======== Exercise materials ========

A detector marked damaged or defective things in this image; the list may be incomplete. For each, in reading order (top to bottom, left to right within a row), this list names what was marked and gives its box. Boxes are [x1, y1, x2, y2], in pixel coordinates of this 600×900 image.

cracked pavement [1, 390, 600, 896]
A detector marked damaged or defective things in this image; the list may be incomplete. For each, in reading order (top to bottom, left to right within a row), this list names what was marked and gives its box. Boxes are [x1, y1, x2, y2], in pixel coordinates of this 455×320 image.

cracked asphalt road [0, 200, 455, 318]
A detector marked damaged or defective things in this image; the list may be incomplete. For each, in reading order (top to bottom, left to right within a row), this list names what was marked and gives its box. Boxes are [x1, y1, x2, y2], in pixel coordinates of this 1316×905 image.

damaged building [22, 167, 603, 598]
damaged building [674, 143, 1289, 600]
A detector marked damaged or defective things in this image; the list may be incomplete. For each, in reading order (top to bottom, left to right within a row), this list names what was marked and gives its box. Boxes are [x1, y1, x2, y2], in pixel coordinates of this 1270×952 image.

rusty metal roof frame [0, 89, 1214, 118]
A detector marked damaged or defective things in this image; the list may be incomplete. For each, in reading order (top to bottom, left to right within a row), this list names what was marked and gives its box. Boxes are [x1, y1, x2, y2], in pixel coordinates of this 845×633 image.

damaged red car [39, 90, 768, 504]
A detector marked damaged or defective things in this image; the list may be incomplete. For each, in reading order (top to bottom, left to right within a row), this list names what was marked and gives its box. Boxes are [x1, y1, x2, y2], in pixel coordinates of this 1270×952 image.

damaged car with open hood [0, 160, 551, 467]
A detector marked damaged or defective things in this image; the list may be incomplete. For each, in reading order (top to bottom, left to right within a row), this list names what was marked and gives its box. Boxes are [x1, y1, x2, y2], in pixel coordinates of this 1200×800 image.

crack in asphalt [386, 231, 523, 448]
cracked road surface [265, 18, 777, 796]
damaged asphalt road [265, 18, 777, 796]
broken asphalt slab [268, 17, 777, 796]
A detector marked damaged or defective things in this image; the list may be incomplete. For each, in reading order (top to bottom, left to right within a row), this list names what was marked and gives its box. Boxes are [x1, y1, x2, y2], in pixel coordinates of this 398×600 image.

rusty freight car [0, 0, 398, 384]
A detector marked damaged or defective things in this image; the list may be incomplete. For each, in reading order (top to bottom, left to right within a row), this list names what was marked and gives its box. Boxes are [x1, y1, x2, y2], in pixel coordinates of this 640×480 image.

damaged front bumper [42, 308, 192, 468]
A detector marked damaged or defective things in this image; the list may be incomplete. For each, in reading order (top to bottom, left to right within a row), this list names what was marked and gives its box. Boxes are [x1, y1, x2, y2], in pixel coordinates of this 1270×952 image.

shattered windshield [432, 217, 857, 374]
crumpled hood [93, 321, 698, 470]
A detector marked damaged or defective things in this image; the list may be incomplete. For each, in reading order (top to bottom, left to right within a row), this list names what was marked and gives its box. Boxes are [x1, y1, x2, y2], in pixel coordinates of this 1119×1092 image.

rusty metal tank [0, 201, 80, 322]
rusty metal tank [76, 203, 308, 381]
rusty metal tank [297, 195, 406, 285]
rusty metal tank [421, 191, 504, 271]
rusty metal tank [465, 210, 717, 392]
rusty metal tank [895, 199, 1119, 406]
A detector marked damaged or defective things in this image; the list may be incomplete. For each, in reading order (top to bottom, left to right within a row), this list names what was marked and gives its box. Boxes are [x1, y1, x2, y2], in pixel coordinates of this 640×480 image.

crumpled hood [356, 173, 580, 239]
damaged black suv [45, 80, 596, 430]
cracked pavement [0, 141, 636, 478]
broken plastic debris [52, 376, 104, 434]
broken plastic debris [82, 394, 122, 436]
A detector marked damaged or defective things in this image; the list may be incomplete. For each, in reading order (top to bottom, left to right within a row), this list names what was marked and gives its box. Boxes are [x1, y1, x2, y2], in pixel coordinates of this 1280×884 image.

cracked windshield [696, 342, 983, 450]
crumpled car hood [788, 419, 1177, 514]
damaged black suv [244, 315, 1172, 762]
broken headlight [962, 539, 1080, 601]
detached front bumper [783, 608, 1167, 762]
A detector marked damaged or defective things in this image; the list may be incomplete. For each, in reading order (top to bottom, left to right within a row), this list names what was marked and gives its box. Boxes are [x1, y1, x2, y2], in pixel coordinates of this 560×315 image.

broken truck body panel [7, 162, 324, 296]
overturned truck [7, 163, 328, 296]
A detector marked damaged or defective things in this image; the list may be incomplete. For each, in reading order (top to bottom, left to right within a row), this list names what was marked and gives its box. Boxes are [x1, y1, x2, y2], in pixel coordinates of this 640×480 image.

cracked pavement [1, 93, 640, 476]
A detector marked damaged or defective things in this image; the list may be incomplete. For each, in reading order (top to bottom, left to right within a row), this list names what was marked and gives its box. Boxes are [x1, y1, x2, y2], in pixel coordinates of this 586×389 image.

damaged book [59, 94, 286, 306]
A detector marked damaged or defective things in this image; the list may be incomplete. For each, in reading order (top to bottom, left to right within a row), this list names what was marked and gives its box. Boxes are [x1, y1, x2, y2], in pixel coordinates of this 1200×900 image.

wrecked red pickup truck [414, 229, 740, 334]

========

* [Exercise brief]: Start with the line that contains "this 560×315 image.", end with the last line of the entries, and please retype every line in that span exactly, with no others.

* [Expected output]:
A detector marked damaged or defective things in this image; the list may be incomplete. For each, in reading order (top to bottom, left to right within a row), this list names what was marked and gives its box. Boxes are [x1, y1, x2, y2], in pixel coordinates of this 560×315 image.

broken truck body panel [7, 162, 324, 296]
overturned truck [7, 163, 328, 296]
A detector marked damaged or defective things in this image; the list may be incomplete. For each, in reading order (top to bottom, left to right within a row), this list names what was marked and gives its box. Boxes are [x1, y1, x2, y2], in pixel coordinates of this 640×480 image.

cracked pavement [1, 93, 640, 476]
A detector marked damaged or defective things in this image; the list may be incomplete. For each, in reading order (top to bottom, left to right within a row), this list names what was marked and gives its box. Boxes are [x1, y1, x2, y2], in pixel coordinates of this 586×389 image.

damaged book [59, 94, 286, 306]
A detector marked damaged or defective things in this image; the list may be incomplete. For each, in reading order (top to bottom, left to right within a row), this list names what was marked and gives its box. Boxes are [x1, y1, x2, y2], in pixel coordinates of this 1200×900 image.

wrecked red pickup truck [414, 229, 740, 334]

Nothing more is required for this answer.